AWS for Industries
The Great Migration: Chime’s Move to AWS
This blog post is co-authored in partnership with the Chime Engineering team.
Mike Barrett, VP of Engineering Services at Chime remembers when he first heard the term “undifferentiated heavy lifting“. The term was coined by Jeff Bezos, CEO of Amazon.com, in a presentation he gave in 2006 at MIT to describe all the hard IT work that companies do—like hosting, managing bandwidth, overseeing data center hardware, and general backend work—all of which don’t add value to the mission of the company. “By making every part of engineers’ jobs a little—or a lot—easier, Amazon Web Services (AWS) helps companies like Chime focus on their core competencies and deliver better products and services,” Barrett says.
In 2019, Chime took a look in the mirror to clearly define its core competencies as a financial technology company that provides services to partner banks that’s growing quickly. “When we started to look to the future and the growth we were anticipating—both of our number of members and our team—we recognized a pressing need for a solution that would abstract away our infrastructure requirements and let us focus on the work that matters to achieving our mission and serving our members,” says Barrett. So was recently completed in 2021. Here’s a look at the team and the work behind Chime’s great migration.

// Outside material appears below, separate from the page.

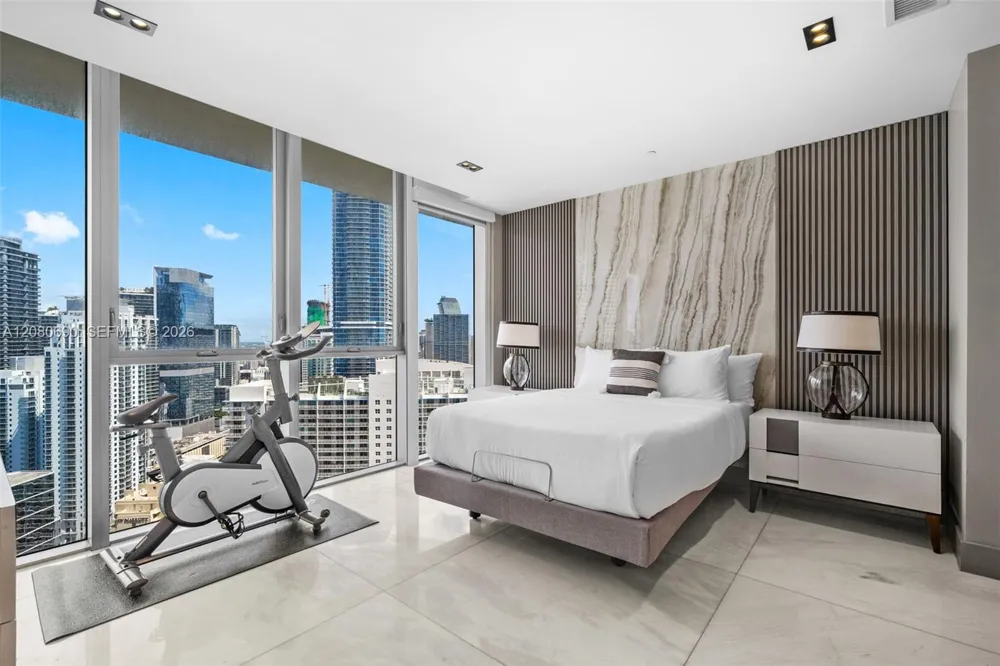 1300 Brickell Bay Dr #PH4400 Miami, FL 33131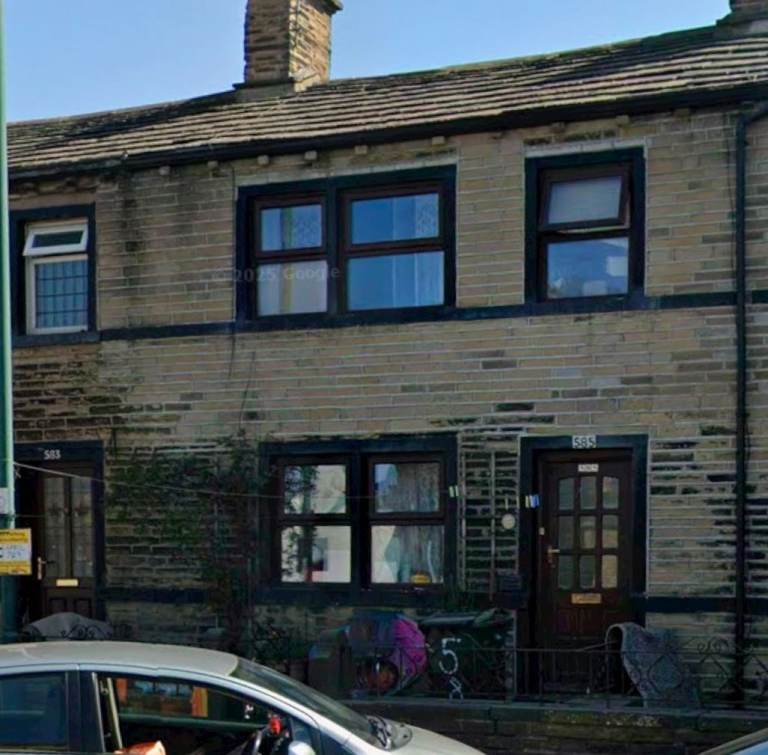 HOUSE FOR RENT 585 GREAT HORTON ROAD BD7 4ED 2BED 1 BATHROOM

Meet the Team and Their Roles
Barrett joined Chime in early 2020 after watching a “Last Week Tonight” episode on the state of payday loans. In his role, he oversees Engineering Services, the part of Chime Engineering that empowers all of engineers to do what they love—write code and provide value to members—with less effort.
Ethan Erchinger, a Staff Software Engineer on the Engineering Services team, has been a Chimer since 2014. In the early days, he helped build out Chime’s production and data engineering infrastructure and has continued to work across Engineering Services with a focus on infrastructure ever since. Once a director and manager, Erchinger now focuses on providing consultative services across the Engineering organization.
Keerthi Nallani, a Senior Software Engineer, joined the Scale team in early 2019. She’s worked on scaling Chime’s infrastructure and improving application performance—a departure from her former days coding web application features. She loves removing bottlenecks and dependencies for fellow engineers and ensuring Chime can grow sustainably.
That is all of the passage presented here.